Pada saat itu ayah dari
Pak Nari sangat bangga padanya. Ayahnya bernama H. Ahmad Gani yang seorang
seniman tradisi dan juga bermain gamelan yang biasa mengiri naskah lontar. Pak
Nari juga banyak belajar dari ayahnya, selain dari ayahnya ia juga berguru
kebeberapa teman kampungnya.
Pak Nari mengasah
keterampilannya dalam membaca naskah lontar secara otodidak, karena tidak mudah
membaca naskah lontar sebab menggunakan bahasa jawa Madya yang Pak Nari sendiri
kurang menguasainya. Ada beberapa koleksi naskah lontar yang dikumpulkan Pak
Nari diantaranya adalah Takepan Puspakerma, Rengganis, Doyan Neda, Tapel Adam,
Tanjung Muluk, Tanjung Bangse dan Anteboga, selain ini Pak Nari juga mempunya
naskah yang ditulis dengan tangannya sendiri yaitu Langit Gita, Babad Praya,
Indarjaya, Bangbari, Hikayat Ukur, dan Medang Sekar.
Perlombaan yang diikuti
Pak Nari tidak hanya sekali tetapi ia kembali mengikuti lomba di Museum Negri
NTB pada tahun 1992 dan untuk kali ini ia berhasil menjadi juara pertama. Ini membuat
Pak Nari terus termotivasi untuk membaca naskah lontar dan berharap di desa –desa
lain banyak yang mengikuti jejak dia terutama anak muda untuk melestarikan
budaya Indonesia.
Pekerjaan Pak Nari pada
saat ini hanya mengandalkan dengan membaca naskah kuno karena denga usia
lanjutnya tubuhnya tidak mampu lagi menompang pekerjaan yang terlalu menguras energy
seperti berja disawah. Selain mengikuti permintaan undangan untuk membacakan
naskah lontar pada acara-acara tertentu disamping itu Pak Nari ngamen ke
kampung-kampung sekuat kainya melangkah untuk membacakan naskah lontar.
Pada pekerjaanya Pak
Nari tidak memasang tariff tetapi banyak orang yang memberikan harga sebesar Rp.

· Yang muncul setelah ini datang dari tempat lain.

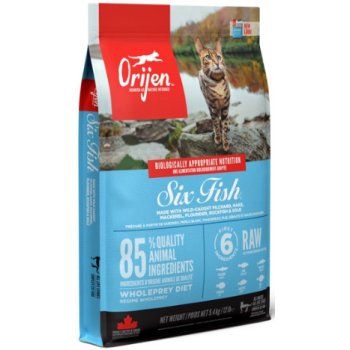 Orijen 6 Fish Cat 3 x 5,4 kg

250.000- Rp. 500.000 itu semua tidak sepenuhnya untuk Pak Nari penghasilan itu
masih dibagi 2 dengan seorang penerjemah naskah.
Melihat dari sosok Pak
Nari kitadapat mengambil pelajaran sebagai generasi muda harus melihat contoh
bagaimana seseorang yang sudah lanjut usia tidak kenal lelah terus melestarikan
budaya agar tidak hilang begitu saja.